Bref, à présent, il marche. Il n'a plus le temps de tuer les autres, ni sans doute l'envie, puisqu'il existe.
Quand Simone Volterra accepta de construire ce « Petit Théâtre »[3] qui, je l'espère, va nous permettre de travailler utilement, il nous sembla que nous devions consacrer à la musique moderne une part de notre activité. La situation de la musique moderne nous paraît, en France, moins bien définie que dans certains pays que nous visitons, tels que l'Allemagne et l'Amérique. Nous avons donc confié à Boulez le soin d'organiser, pour cette saison, quatre concerts de musique de chambre[4].
Ainsi, ce jeune homme que j'avais bombardé, un peut gratuitement il faut le dire, notre chef de musique, a enfin l'occasion de justifier, dans le sens le plus complet, ce poste. C'est une très grande joie pour nous de lui offrir cette occasion.

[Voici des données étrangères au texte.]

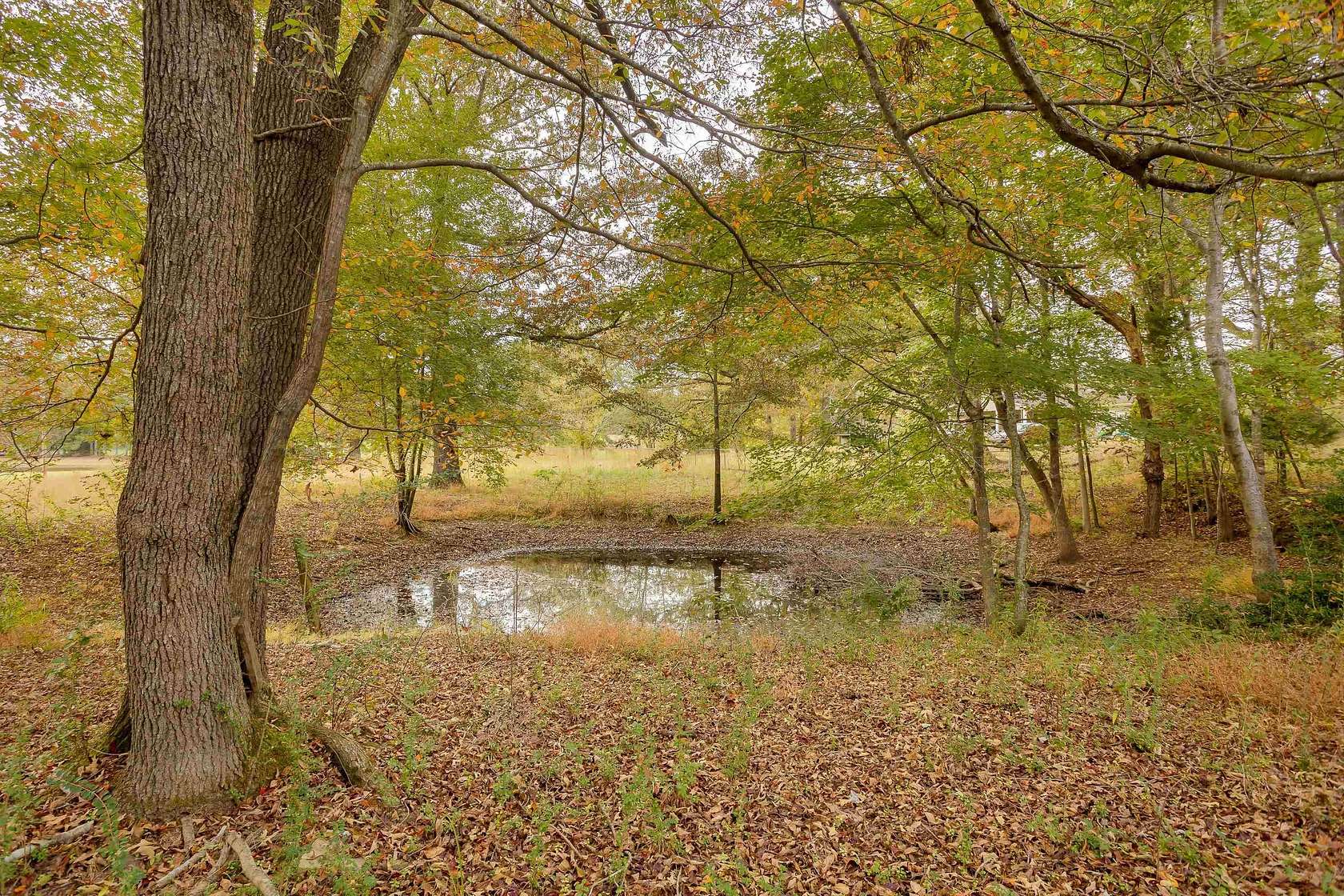 7.16 Acres of Residential Land for Sale in Tuscumbia, Alabama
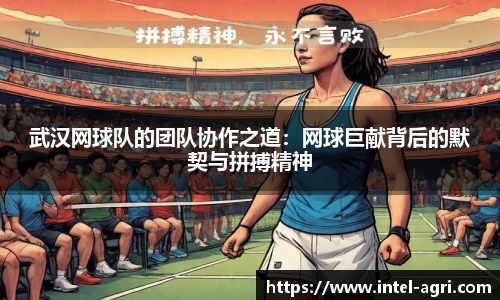 k8凯发网站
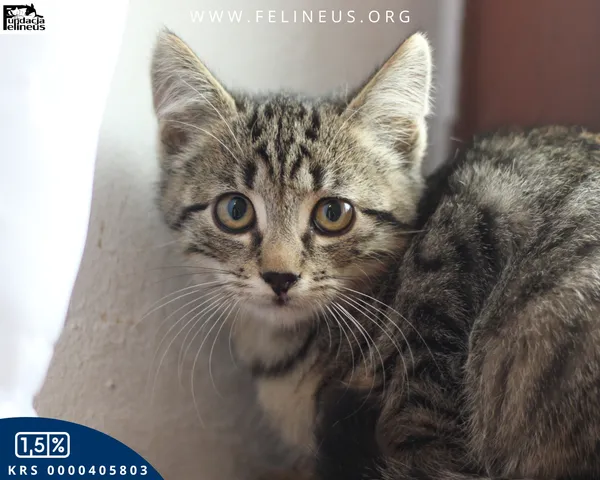 Kot do adopcji, Chmielnik, 30 września 2025 (1/4)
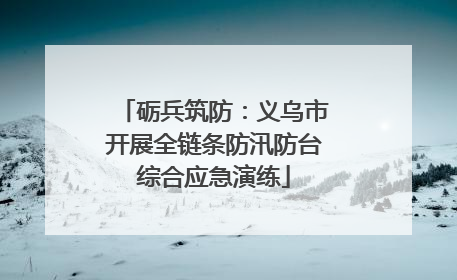 砺兵筑防：义乌市开展全链条防汛防台综合应急演练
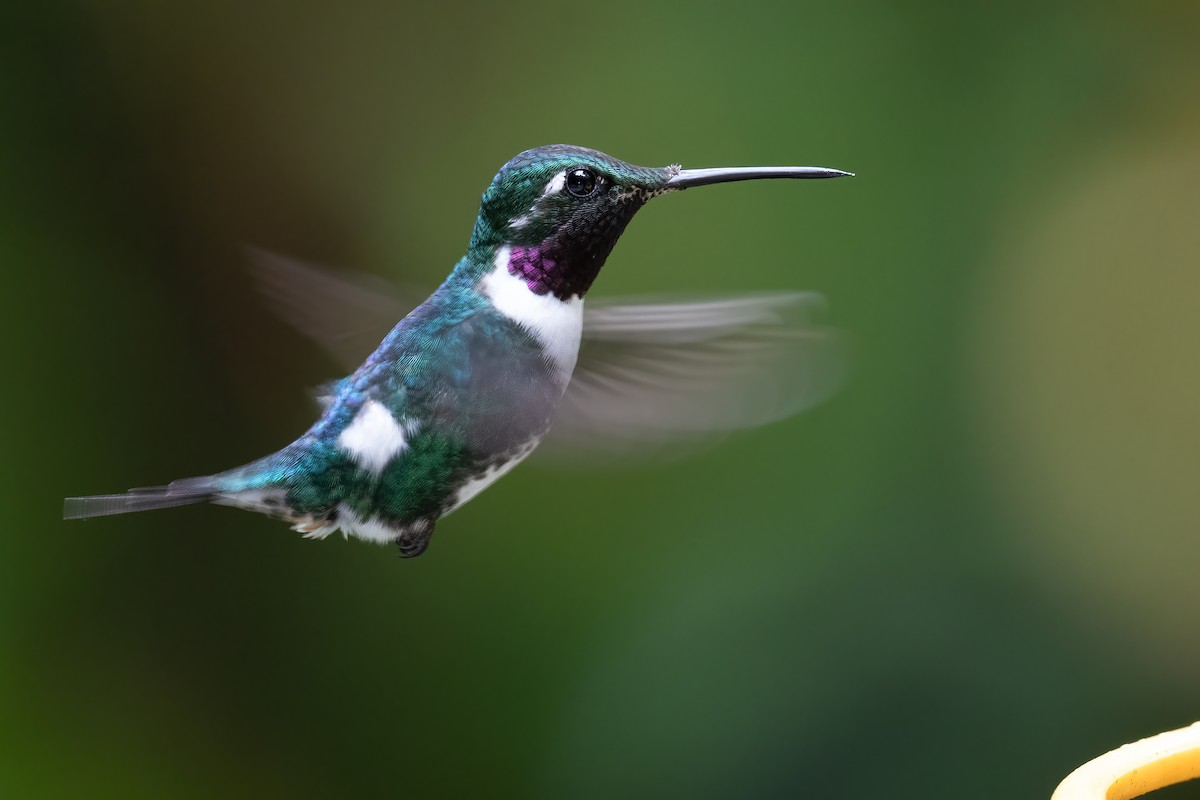 White-bellied Woodstar - ML380570191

Dans l'organisation de ces concerts, il est, comme toujours, entièrement libre et responsable. C'est son affaire. Nous sommes derrière lui simplement pour l'aider, trop heureux si nous sentons que nous avons favorisé son éclosion et servi par son truchement, modestement, la musique moderne.
De plus, nous avons pu, grâce à René Julliard, lui fournir l'occasion de rédiger ce Cahier Musical, au sein même des Cahiers de notre Compagnie.
Ce sera un des Cahiers dont nous serons particulièrement fiers.
Je laisse à présent la parole à notre ami Boulez, avec qui, après huit ans de vie commune, nous somme liés désormais, comme on dit : « A la vie, à la mort ! »[5]
2 En 1945, Pierre Boulez jouait des ondes martenot aux Folies-Bergère.
3 Simone Volterra était directrice du Théâtre Marigny. Petite salle annexe, le « Petit Théâtre Marigny ») était alors en construction.
4 Il s'agit des Concerts du Petit Marigny, futur Domaine Musical, créés en 1954. En 1956, Boulez quitta ses fonctions de directeur musical de la Compagnie Renaud-Barrault pour se consacrer au Domaine Musical, qu'il dirigera jusqu'en 1967.
5 Suivait le texte de Pierre Boulez « ...Auprès et au loin ».